Situazione critica alle scuole Rodari e Munari: il Comune interviene

Il problema delle alte temperature non riguarda solo la Rodari, ma anche altre strutture come la Munari e il nido Santina Bianchi. La consigliera Casola chiede azioni immediate.

Situazione critica alle scuole Rodari e Munari: il Comune interviene

Trentadue gradi in aula alle 13: alla scuola dell’infanzia Rodari di Tradate la situazione è insostenibile. La consigliera del Pd Stella Casola denuncia: “Una realtà inaccettabile, che richiede un intervento immediato e straordinario da parte dell’Amministrazione”.

Caldo insopportabile nelle aule

Stella Casola raccoglie le preoccupazioni di numerose famiglie della scuola Rodari e avverte:

“Non si tratta di un semplice disagio temporaneo: il caldo estremo è una condizione meteorologica strutturale che si ripeterà ogni estate. L’Amministrazione continua a ignorare il problema anziché affrontarlo con una programmazione seria”.

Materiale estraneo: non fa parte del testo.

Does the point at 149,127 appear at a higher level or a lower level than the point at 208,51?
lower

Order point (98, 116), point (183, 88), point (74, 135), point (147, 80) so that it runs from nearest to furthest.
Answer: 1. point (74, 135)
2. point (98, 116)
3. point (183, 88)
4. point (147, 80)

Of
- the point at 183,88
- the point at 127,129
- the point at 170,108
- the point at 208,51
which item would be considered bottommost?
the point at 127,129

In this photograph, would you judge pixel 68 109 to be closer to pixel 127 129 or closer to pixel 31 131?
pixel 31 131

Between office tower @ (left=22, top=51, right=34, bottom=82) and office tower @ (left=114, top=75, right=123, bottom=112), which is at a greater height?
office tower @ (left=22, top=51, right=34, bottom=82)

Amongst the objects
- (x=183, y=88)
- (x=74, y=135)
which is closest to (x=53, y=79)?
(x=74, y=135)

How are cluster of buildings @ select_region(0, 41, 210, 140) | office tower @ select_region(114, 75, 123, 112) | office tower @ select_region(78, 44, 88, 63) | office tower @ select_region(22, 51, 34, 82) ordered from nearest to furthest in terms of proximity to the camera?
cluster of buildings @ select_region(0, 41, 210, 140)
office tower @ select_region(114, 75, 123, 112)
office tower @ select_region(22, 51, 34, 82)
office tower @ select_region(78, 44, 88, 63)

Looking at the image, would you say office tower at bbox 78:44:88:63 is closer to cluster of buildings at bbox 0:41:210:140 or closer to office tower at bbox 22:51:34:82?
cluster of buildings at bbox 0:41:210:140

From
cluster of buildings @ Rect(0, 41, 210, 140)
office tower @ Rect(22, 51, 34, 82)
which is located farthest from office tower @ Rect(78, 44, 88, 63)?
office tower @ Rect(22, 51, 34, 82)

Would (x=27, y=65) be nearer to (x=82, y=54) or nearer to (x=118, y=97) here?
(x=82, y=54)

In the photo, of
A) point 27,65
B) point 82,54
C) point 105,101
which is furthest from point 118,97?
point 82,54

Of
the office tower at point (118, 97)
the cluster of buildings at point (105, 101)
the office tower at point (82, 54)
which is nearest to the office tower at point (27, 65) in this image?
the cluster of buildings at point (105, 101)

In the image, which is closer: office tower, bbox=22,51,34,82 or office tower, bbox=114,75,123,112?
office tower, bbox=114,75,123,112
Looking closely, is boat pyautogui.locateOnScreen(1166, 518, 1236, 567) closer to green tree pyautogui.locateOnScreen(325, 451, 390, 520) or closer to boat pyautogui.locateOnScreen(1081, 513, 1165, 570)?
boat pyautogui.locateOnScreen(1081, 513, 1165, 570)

Casola si impegna a portare la questione in consiglio comunale e in Commissione Istruzione, ma chiede anche interventi immediati: “Il problema è urgente e riguarda la sicurezza dei nostri bambini e di chi si prende cura di loro”.

Un problema diffuso

È importante sottolineare che il caldo non colpisce solo la Rodari, ma anche la Munari e il nido Santina Bianchi, strutture che rimangono aperte più a lungo durante l’estate. Anche qui, l’assenza di condizionatori aggrava la situazione.

Particolare attenzione è rivolta alla Rodari, dove dopo l’estate è previsto l’apertura del secondo nido comunale:

“I bambini più piccoli sono ancora più vulnerabili alle alte temperature; saranno lasciati a subire questo caldo insopportabile o i lavori includeranno anche un efficientamento energetico? Come stanno le altre strutture comunali?” chiede Casola. “Sarebbe davvero grave che a Tradate non ci fossero fondi per garantire ai bambini e agli insegnanti un ambiente adeguato e sano nelle scuole dell’infanzia comunali”.

Interventi in arrivo

In seguito alle segnalazioni dei genitori, sono stati presi provvedimenti: durante un sopralluogo recente, è stata disposta la consegna di condizionatori portatili per tutte le classi della Rodari.

“Le soluzioni strutturali sono alquanto complesse – spiega il vicesindaco Franco Accordino –. Questi condizionatori rappresentano una soluzione temporanea; una volta terminate le lezioni, lavoreremo a un piano strutturale per le scuole dell’infanzia e per il nido”.

La necessità di una programmazione

“Le famiglie tradatesi pagano le tasse e le rette per un servizio completo, sicuro e continuativo – conclude Casola –. L’edilizia scolastica e la manutenzione degli istituti non possono essere gestite rincorrendo perennemente le emergenze o sperando che il problema si risolva da solo”.